Gross inflows improved to £31.3 billion from £27 billion in the first half of 2023 “reflecting strong inflows in liquidity, fixed income and quantitatives.”
Net outflows improved to £1 billion from £6.5 billion in H1 of 2023.
Net operating revenue was 7% lower at £667 million “reflecting the impact of outflows and the expected lower margins in Investments as well as the net impact of corporate actions.”
Adjusted operating expenses reduced by 9% to £539 million “reflecting good progress in achieving cost savings, including 11% lower staff costs (excluding variable compensation) and 9% lower non-staff costs.”
First-half IFRS profit before tax of £187 million (H1 2023: loss £169m) “included the gain on sale of the European-headquartered Private Equity business of £88m and lower losses of £(15)m (H1 2023: £(181)m) from the reduction in the value of the listed stakes held on our balance sheet.”
Interim CEO Windsor said: “In the first half of the year we have made an encouraging start as we become more efficient, and we enhance our propositions to lay the foundations for growth.
“We have three core businesses, with strong, scale positions in attractive markets and each has headroom to grow.
“While market conditions remain challenging, we are firmly on track to realise at least £150m of annualised cost savings by the end of 2025.
“These are solid foundations, positioning us for a step-change in performance and allowing us to invest further in growth.
“I am excited about the potential in Abrdn, and confident that by delivering against our priorities, we can deliver better outcomes for our clients, more attractive performance for our shareholders and nurture a culture that sustains long-term success.”
In its Investments business, Abrdn reported first-half net operating revenue 12% lower at £406 milion “due to net outflows and changes in the asset mix” and said adjusted operating expenses fell 13% to £372 million “reflecting cost savings across both staff and non-staff expenses.”
In the Investments business, adjusted operating profit was stable at £34 million, gross inflows improved to £31.3 billion (H1 2023: £27.0bn) “reflecting strong inflows in liquidity, fixed income and quantitatives” and net outflows improved to £1 billion (H1 2023: £6.5bn) “reflecting the higher gross inflows above partly offset by net outflows in Equities, Multi-asset and Insurance Partners.”
In its Adviser business, Abrdn reported net operating revenue 16% higher at £119 million “reflecting a £13m benefit of a revised distribution arrangement for services provided by abrdn to Phoenix in respect of the Wrap SIPP.” Adjusted operating profit was 33% higher at £65 million. Net outflows in Adviser of £2 billion (H1 2023: £0.6bn) “reflect elevated redemptions in the period, owing to the continued impact of the higher cost of living, further IFA consolidation and inflation beating cash saving options in the market.”

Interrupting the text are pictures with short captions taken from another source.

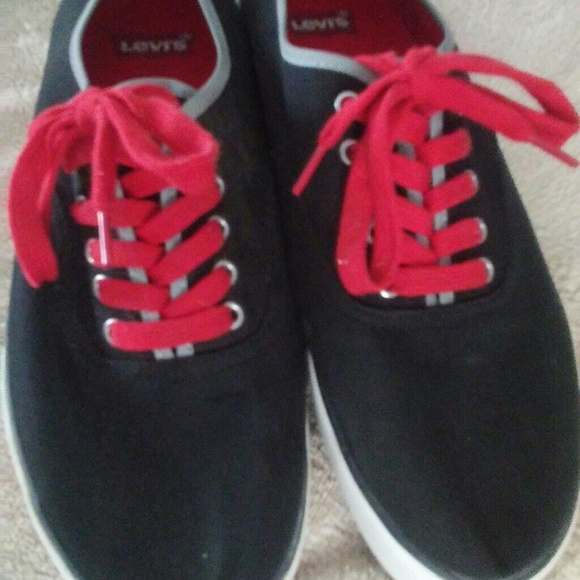 Men's Levi's shoes - Picture 1 of 3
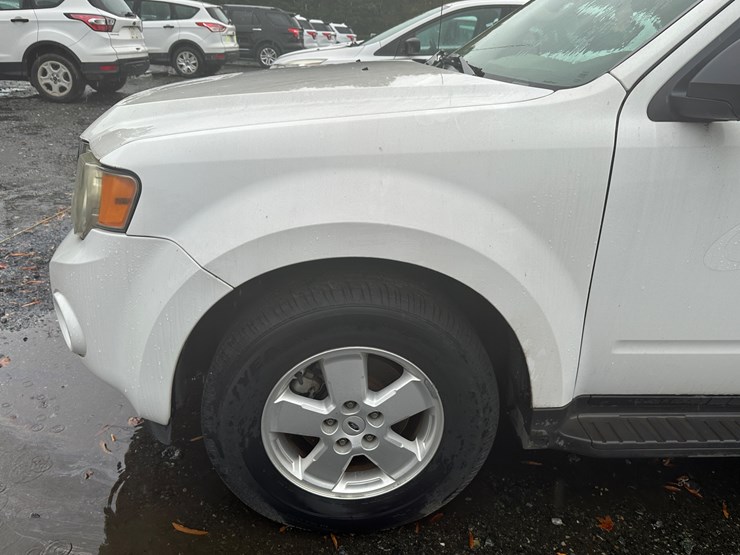 2012-ford-escape-xlt-image-6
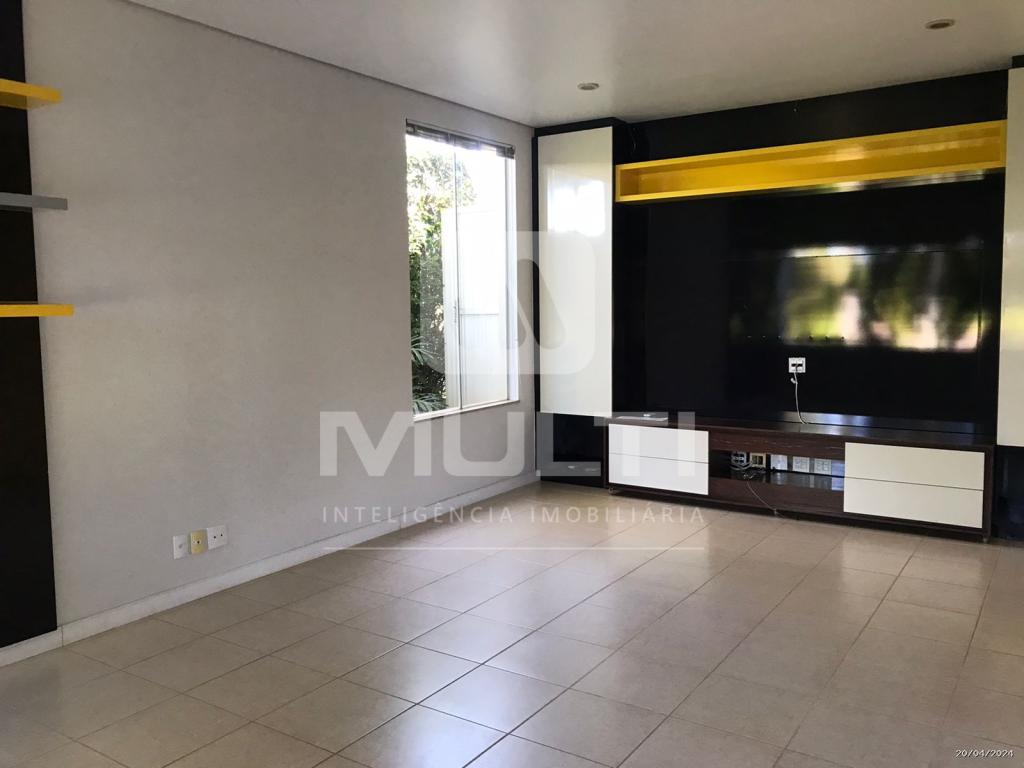 Casa de Condomínio à venda com 3 quartos, 344m² - Foto 3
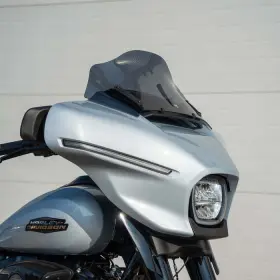 2310-0915 Klock Werks 10 Inch Flare Dark Smoke Windshield Harley Street Glide Flhx 2023.5-25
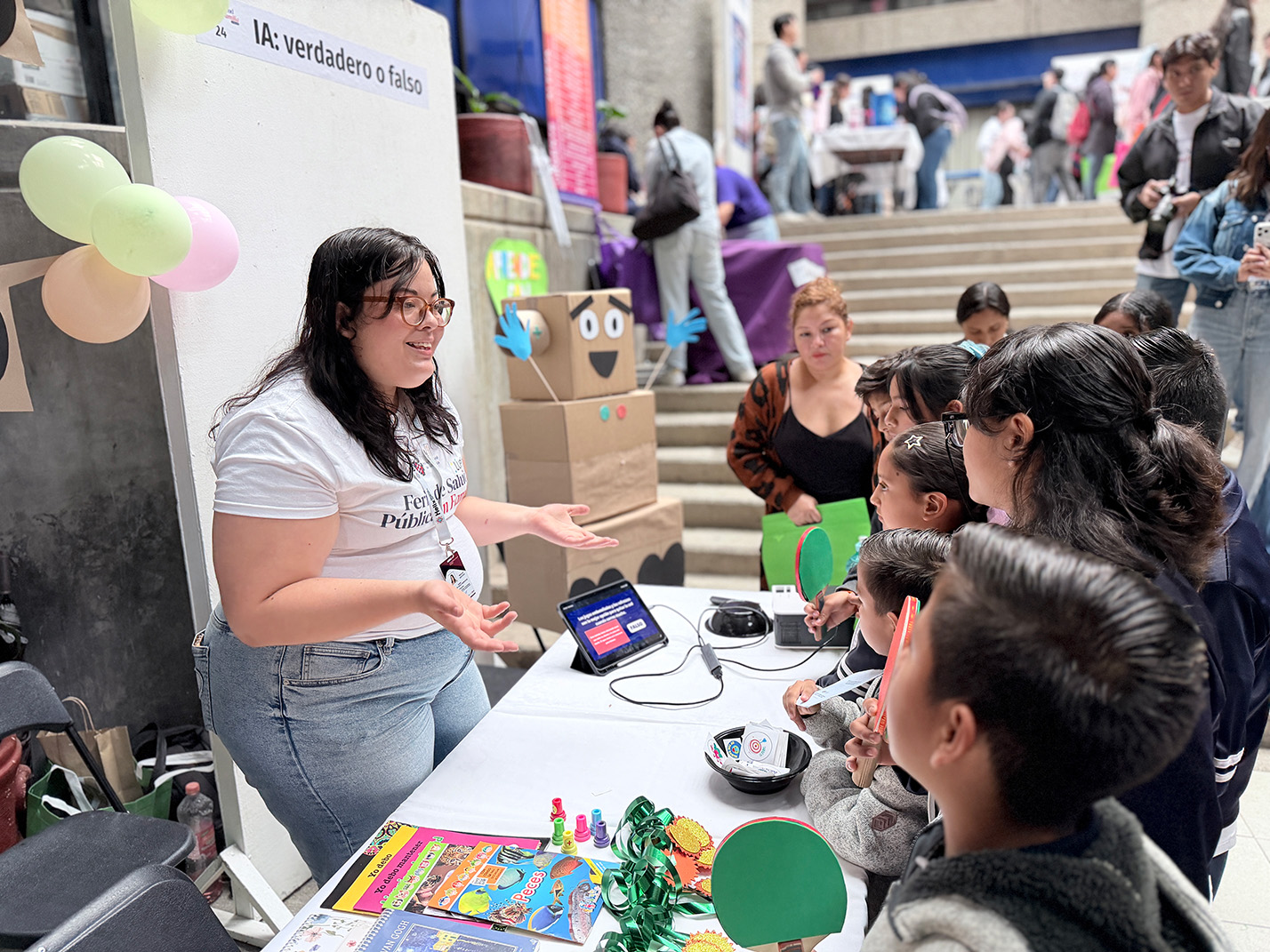 Stand interactivo centros de investigación INSP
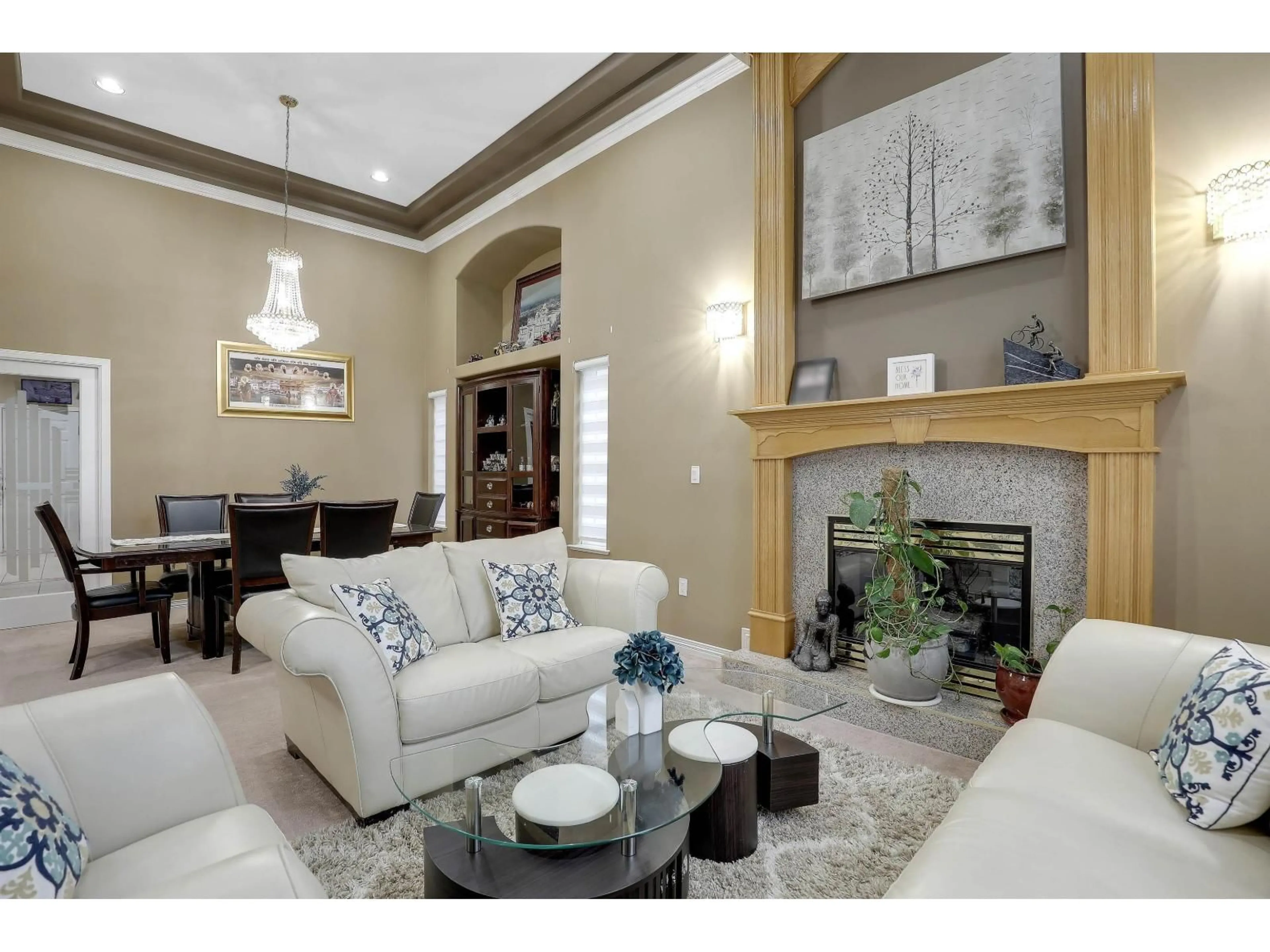 Living room with furniture, unknown for 6125 132A STREET, Surrey British Columbia V3X3J6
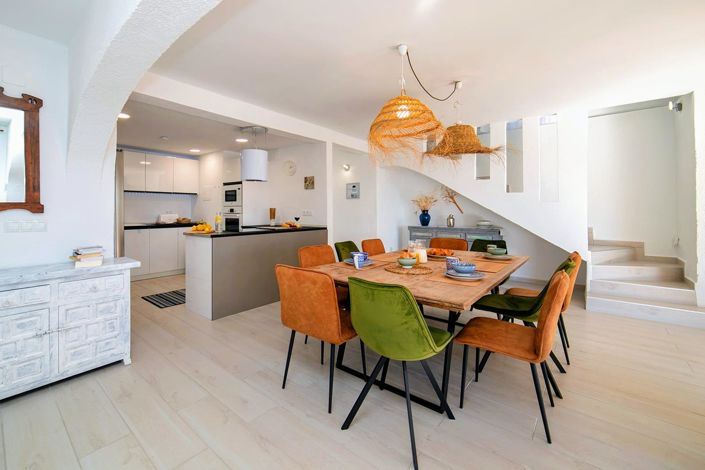 Image No.10-6 Bed Villa for sale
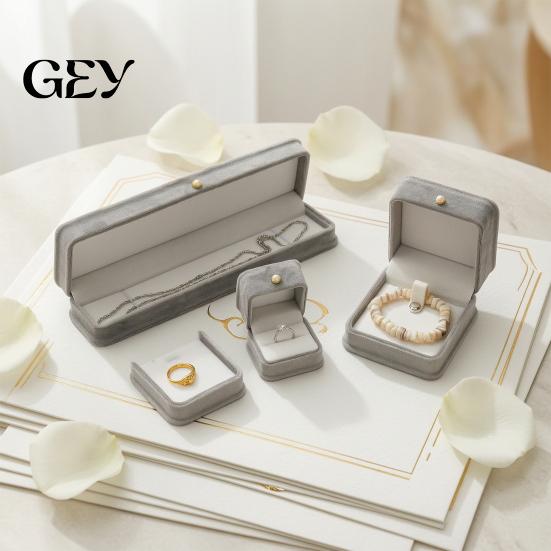Luxurious Jewelry Storage Box Velvet Box, with Shock-Proof Lining Hard Case, for Oxidation Protection Protects from And Scratches Organizer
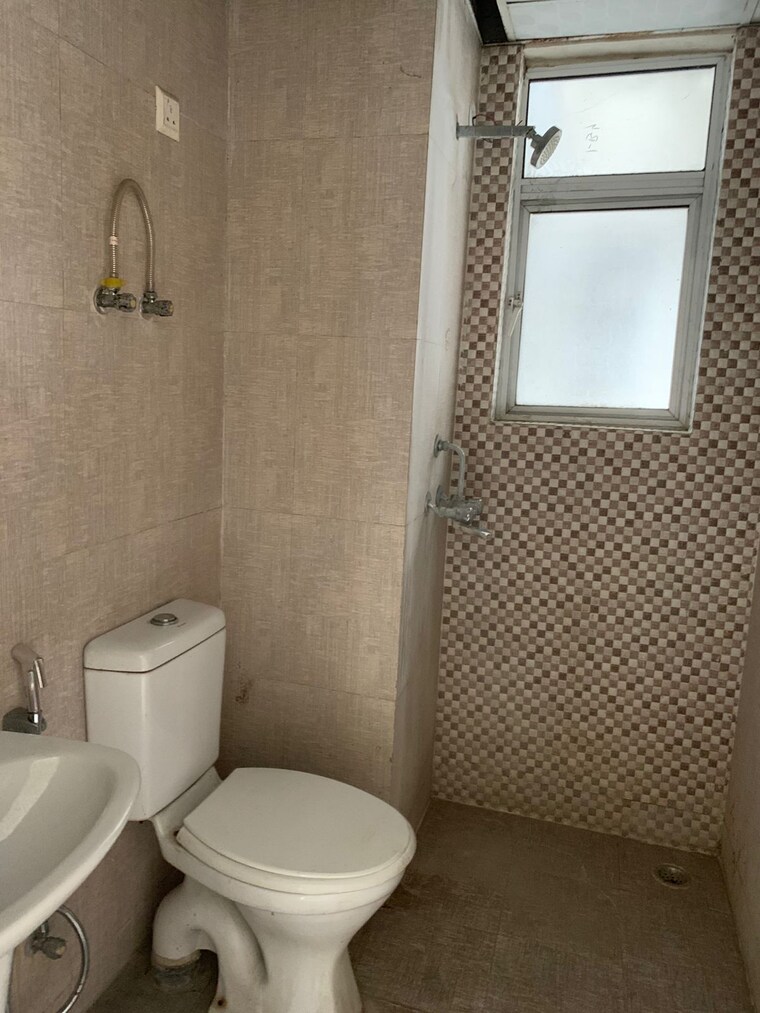 Bathroom, aditya-urban-homes 2 Bedroom 840 Sq.Ft. Apartment In Shahpur Bamheta Ghaziabad 9580913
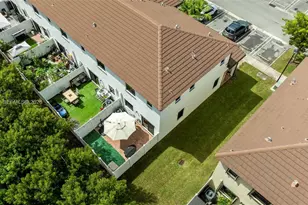 10513 W 32nd Ln, Hialeah, FL 33018 - Photo 23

Abrdn said: “We are taking actions to address these net flow challenges including making further improvements to our service proposition following the short-term impact of a technology upgrade in 2023. We launched a new cash savings solution and announced a strategic reprice to achieve a highly competitive position in the market.”
In its Interactive Investor business, Abrdn said net operating revenue was 10% lower at £137 million “due to the sale of Abrdn Capital in 2023” and that excluding this revenue increased by 5% to £137 million “reflecting higher trading and FX fees.”
“Net customer growth (at Interactive Investor) in H1 2024 was 4% to 422k (FY 2023: 407k) reflecting growth in SIPP customers,” said Abrdn.
“Net inflows increased to £3.1bn (H1 2023: £1.8bn), representing 4.7% of opening AUA, driven by customer growth.”